Monday, February 28, 2005

Não se arranjará uma distracção qualquer?

O estranho deste vício é que consegue simultaneamente tomar posse de nossa vida e ser como se não existisse, ou pelo menos não se manifestar até ao preciso momento em que decidimos prescindir dele.

O cigarro ritual, que se toma após coisas tão diversas quanto um café, uma refeição, ou aquela coisa boa que vem a seguir ao whisky, só surge à superfície quando decidimos manter o ritual e fazer desaparecer o apêndice fumegante.

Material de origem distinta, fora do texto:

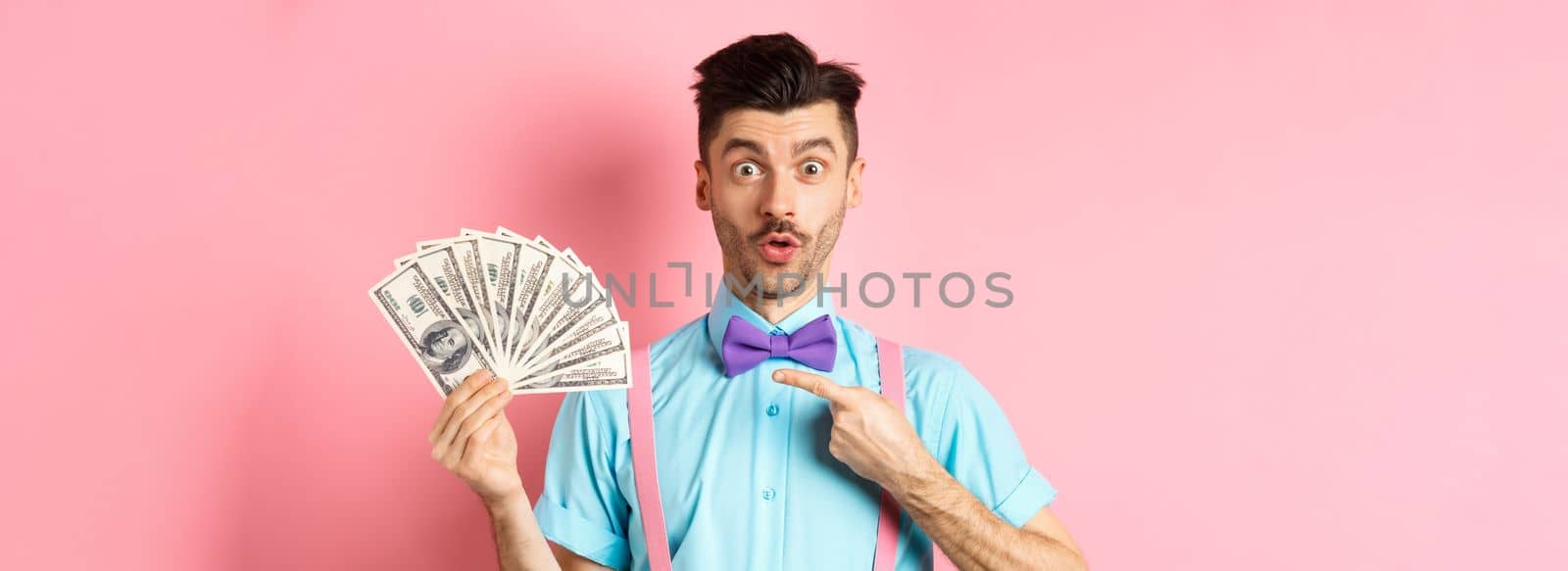 Amazed man showing big money prize, pointing at dollars and say wow, stare impressed at camera, standing over pink background by Benzoix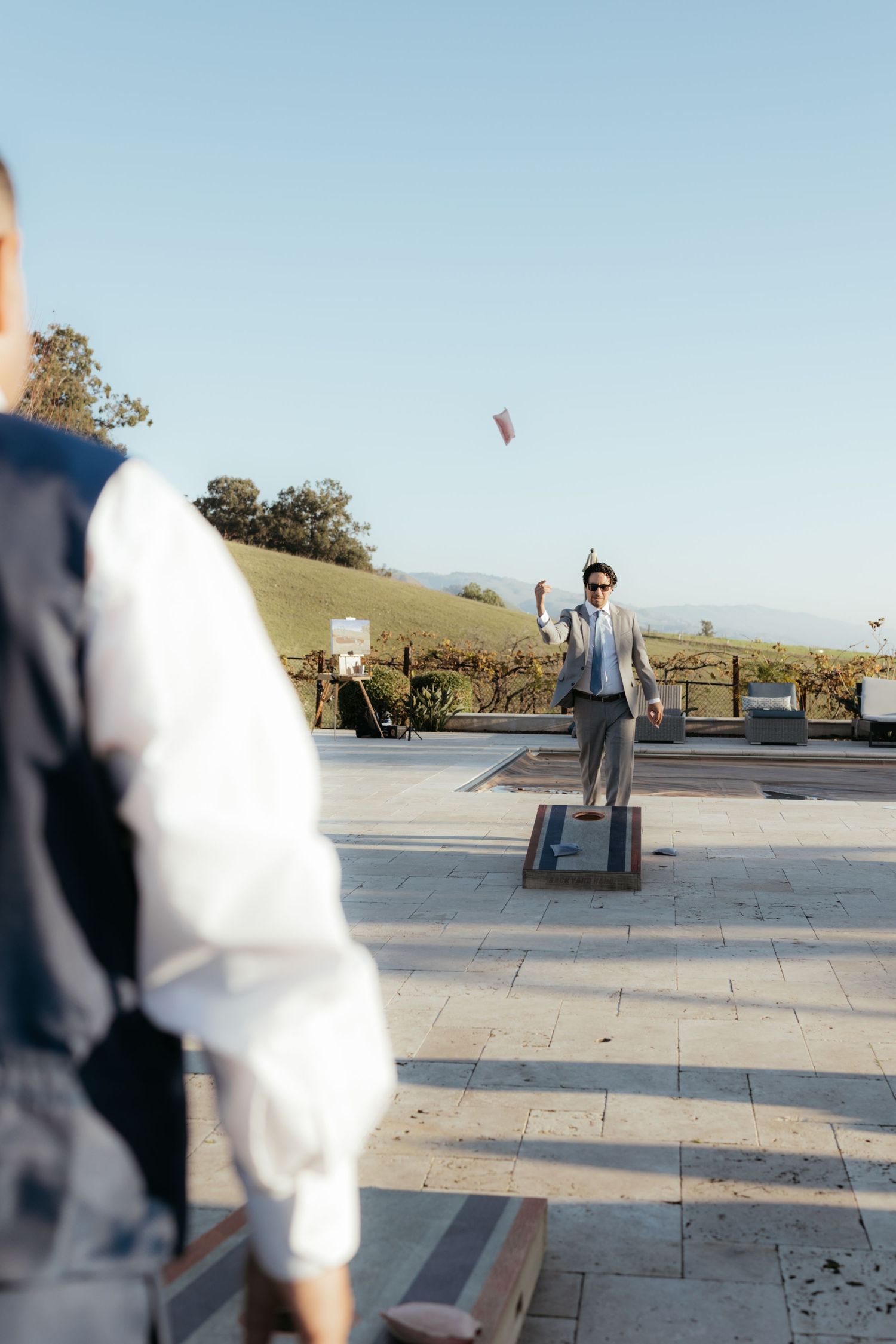 Outdoor wedding venue with stone pavers and scenic mountain views on a clear sunny day.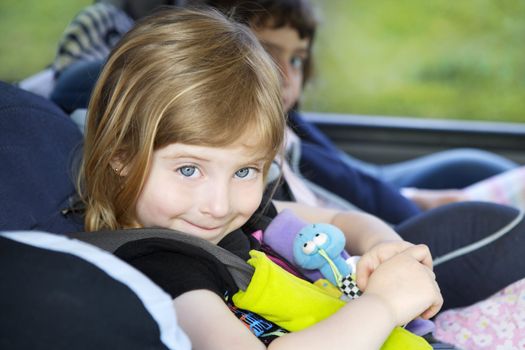 smiling little girl with safety belt on car security chair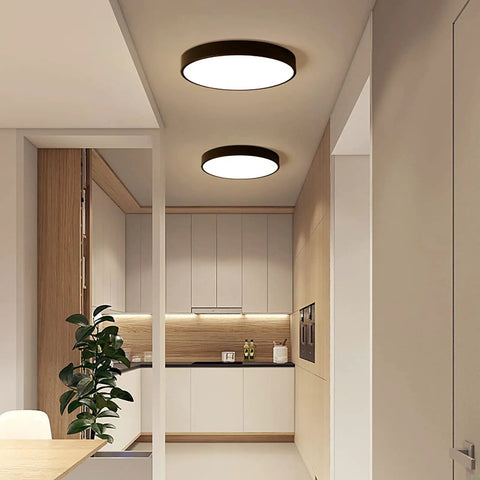 Round Flush Mount LED Ceiling Light 27W 15.7-Inch Black Modern Fixture illuminating a contemporary kitchen space.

Apercebemo-nos assim da quantidade de actos quotidianos que foram, neste processo, e sem que tenhamos percebido muito bem como ou porquê, elevados à qualidade de ritual: beber um café (quatro a oito rituais diários), falar ao telefone com um cliente por mais do que dois minutos (idem), reunir com alguém do escritório durante mais do que trinta segundos (seis a vinte rituais semanais). Quando damos por nós, toda a nossa vida é um manancial de rituais, que se sucedem inexoravelmente, e têm como consequência o gesto assassino: apalpar o contorno dos bolsos em busca do maço de tabaco salvador.

Não se arranjará uma distracção qualquer que substitua de forma graciosa estes rituais?